Segment Start: Data to examine
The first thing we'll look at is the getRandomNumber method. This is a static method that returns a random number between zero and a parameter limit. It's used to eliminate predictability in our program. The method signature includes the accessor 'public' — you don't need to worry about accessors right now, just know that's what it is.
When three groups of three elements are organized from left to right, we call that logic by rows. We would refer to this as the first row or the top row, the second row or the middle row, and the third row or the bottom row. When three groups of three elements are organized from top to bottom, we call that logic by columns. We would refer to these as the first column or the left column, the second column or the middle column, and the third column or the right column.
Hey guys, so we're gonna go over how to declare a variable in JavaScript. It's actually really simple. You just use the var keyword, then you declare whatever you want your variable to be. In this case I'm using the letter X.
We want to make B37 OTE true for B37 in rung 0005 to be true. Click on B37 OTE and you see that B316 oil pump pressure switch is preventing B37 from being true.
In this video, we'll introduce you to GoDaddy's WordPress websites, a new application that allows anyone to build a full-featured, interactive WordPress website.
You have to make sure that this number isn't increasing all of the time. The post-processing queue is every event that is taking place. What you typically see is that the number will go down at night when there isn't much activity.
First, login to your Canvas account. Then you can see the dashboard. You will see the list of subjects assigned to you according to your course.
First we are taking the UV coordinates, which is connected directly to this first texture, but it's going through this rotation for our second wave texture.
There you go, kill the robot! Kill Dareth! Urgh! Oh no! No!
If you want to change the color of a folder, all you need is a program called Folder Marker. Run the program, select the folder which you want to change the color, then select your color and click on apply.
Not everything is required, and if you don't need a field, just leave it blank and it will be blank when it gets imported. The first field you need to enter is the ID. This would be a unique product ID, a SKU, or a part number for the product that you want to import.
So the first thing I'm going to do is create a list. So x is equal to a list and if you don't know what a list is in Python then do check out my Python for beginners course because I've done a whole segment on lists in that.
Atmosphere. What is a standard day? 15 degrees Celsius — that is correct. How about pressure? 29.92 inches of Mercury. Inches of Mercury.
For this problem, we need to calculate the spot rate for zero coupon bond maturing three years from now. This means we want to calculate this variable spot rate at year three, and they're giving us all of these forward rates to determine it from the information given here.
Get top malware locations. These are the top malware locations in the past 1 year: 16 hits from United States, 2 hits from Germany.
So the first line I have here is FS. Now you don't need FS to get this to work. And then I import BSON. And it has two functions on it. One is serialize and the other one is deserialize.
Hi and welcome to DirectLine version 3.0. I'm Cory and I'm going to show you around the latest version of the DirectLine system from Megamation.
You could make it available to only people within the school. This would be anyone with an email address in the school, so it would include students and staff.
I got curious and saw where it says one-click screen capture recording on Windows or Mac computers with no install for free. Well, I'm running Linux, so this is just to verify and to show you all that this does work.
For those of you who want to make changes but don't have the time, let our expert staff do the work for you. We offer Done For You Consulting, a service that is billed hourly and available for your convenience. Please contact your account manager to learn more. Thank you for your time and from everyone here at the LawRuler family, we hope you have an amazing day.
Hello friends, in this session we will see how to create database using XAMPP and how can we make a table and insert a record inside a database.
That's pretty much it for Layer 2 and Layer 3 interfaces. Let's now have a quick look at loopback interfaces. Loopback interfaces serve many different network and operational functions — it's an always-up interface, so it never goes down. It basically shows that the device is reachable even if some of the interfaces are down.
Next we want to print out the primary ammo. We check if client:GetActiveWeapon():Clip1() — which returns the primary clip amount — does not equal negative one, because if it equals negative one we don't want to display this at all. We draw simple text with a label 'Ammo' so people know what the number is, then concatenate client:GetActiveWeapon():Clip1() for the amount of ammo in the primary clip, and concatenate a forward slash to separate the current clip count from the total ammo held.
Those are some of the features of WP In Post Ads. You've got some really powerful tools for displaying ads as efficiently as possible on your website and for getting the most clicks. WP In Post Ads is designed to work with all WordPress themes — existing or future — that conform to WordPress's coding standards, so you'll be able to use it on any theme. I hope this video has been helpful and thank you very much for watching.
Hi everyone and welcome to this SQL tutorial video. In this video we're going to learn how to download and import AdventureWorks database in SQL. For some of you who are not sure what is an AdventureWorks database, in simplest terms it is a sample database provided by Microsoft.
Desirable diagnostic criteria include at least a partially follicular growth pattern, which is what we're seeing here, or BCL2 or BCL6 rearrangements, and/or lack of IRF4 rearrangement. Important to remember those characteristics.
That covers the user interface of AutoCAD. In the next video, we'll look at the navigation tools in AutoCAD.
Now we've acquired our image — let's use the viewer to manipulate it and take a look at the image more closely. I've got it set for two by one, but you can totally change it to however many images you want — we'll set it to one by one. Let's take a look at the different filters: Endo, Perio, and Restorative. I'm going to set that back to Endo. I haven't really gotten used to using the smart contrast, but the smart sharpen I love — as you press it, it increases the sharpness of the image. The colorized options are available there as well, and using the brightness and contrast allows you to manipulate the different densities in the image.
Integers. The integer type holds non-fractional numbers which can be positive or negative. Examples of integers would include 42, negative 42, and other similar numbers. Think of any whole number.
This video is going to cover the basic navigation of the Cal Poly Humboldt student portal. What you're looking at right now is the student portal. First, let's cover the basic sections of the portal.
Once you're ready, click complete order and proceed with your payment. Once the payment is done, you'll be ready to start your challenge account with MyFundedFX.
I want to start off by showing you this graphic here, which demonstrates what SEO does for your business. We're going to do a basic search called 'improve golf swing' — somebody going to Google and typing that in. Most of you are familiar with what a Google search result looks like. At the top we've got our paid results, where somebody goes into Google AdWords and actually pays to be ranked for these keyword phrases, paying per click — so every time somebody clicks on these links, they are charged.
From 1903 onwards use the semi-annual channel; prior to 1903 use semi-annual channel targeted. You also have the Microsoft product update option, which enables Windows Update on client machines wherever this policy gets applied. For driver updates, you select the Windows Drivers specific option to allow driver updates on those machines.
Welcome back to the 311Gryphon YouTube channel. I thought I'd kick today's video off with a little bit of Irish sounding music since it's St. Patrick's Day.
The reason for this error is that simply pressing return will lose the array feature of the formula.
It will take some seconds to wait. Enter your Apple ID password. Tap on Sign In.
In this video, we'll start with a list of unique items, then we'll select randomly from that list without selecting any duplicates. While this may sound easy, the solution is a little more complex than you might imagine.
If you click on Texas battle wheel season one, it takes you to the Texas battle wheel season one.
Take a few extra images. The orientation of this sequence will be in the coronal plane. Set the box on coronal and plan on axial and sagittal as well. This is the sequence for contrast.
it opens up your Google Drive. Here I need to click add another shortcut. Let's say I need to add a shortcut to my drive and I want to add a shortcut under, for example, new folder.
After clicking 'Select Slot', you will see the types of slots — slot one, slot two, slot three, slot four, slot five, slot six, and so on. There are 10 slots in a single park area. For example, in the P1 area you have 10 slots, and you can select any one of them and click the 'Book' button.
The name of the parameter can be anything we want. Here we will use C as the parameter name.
Segment End: Data to examine
Whenever the word "zero" appears in a line above, copy that line.

## Finished task
The first thing we'll look at is the getRandomNumber method. This is a static method that returns a random number between zero and a parameter limit. It's used to eliminate predictability in our program. The method signature includes the accessor 'public' — you don't need to worry about accessors right now, just know that's what it is.
For this problem, we need to calculate the spot rate for zero coupon bond maturing three years from now. This means we want to calculate this variable spot rate at year three, and they're giving us all of these forward rates to determine it from the information given here.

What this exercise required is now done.